Most people have derived their imagery of The Time Machine from the wildly successful film version produced for MGM by George Pal in 1960 (and remade for television in 1978). They recall Rod Taylor as the Time Traveller, Alan Young playing a dual role as his friend and his friend's grandson, the arrival of satellites that enshrouded the earth with radiation in a 1966 nuclear war; the animated clothing on a dress shop mannequin; and other movie effects.

None of that is in Wells' novel.

The story Wells tells is of a Mankind that has split itself into two strains: docile (Eloi) and masters (Morlocks). He has his Time Traveller theorize that the Eloi are descendants of the privileged classes whose wealth and influence rendered them helpless over the years, while the Morlocks, who grew from abused workers forced to toil without sun, degenerated into a race of strong, yet slow-witted, ogres who survived at the expense of one of Man's greatest taboos.

The Alien Voices adaptation holds closer and more completely to the integrity of Wells' narrative while introducing scenes, suggested by Wells' own writings, that apply his philosophy throughout the ages. These scenes also allow the performers more room to apply their craft and, not incidentally, contribute to the texture of the piece. In Alien Voices' production of The Time Machine it is a plague that provides the final blow in a succession of destructive decisions that Mankind has inflicted upon itself. As the Time Traveller's speed accords him the overview to see Man's folly in one swift arc, the listener can glean a sense of it, too. The moral is clear: no matter who is painted as an evil empire at any given snapshot in history, Man is his own worst enemy. And also his own salvation.

Given that Wells was something of a nascent Socialist, this theory is not too surprising. Born in 1866 in Bromley, Kent, England into a working class family, he won a scholarship to the Normal School of Science in London where he studied under the in fluential Thomas Henry Huxley. Leaving applied science aside, Wells took up teaching, a profession which would ordinarily consign him to a life of near-poverty had he not begun writing short stories (which he called "scientific romances") for local periodicals.
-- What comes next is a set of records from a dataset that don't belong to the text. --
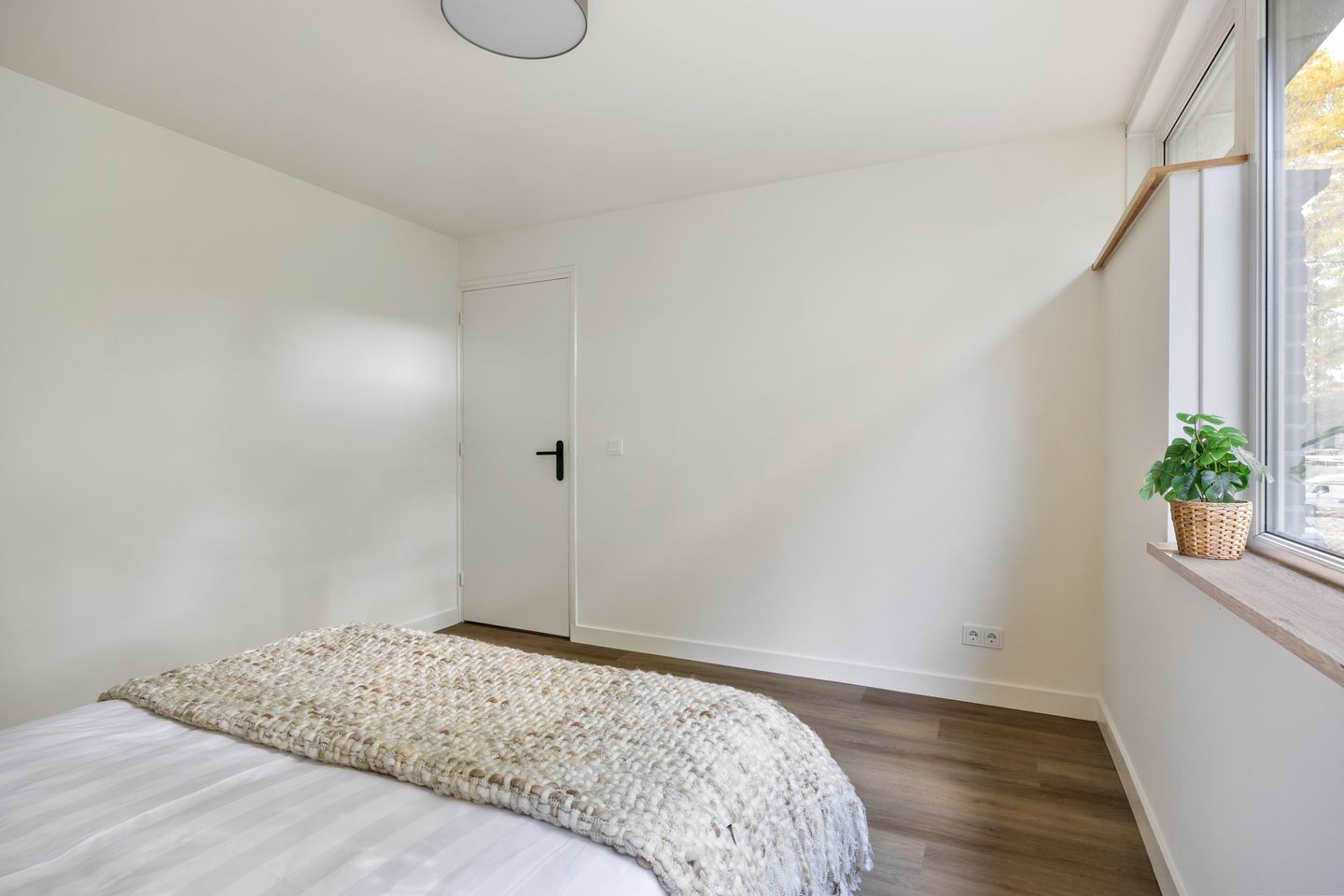 Foto 59 van Luikstraat 12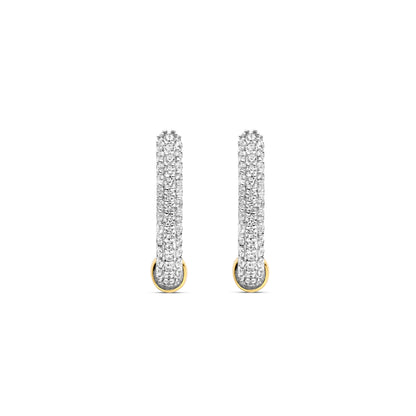 TI SENTO Earrings 7921ZY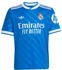 Adidas Real Madrid Third Shirt Youth 2025/2026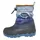 Winter-bootie 20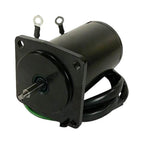 Tilt Trim Motor for Yamaha 100HP Marine (1999–2003) 67F-43880-00-00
The Time Machine (1895) was his first novel; its success rescued him from poverty and propelled him into the front ranks of science fiction fantasists.

It was an admittedly sparse front line as the 19th century wound down, and perhaps this is why Wells fell under such heavy attack for his vision. With The Island of Doctor Moreau (1896), The Invisible Man (1897), The War of the Worlds (1898) and First Men in the Moon (1901) he not only drew praise in literary salons but severe criticism in political circles. Attacked for pessimism, vulgarity and cynicism rather than celebrated for his inventiveness, he became disillusioned and eventually stopped writing novels. In 1920 he published An Outline of History which was equal parts commentary and scholarship. He died in 1946, still hoping to see the Utopian world he longed for in print but could never find in life.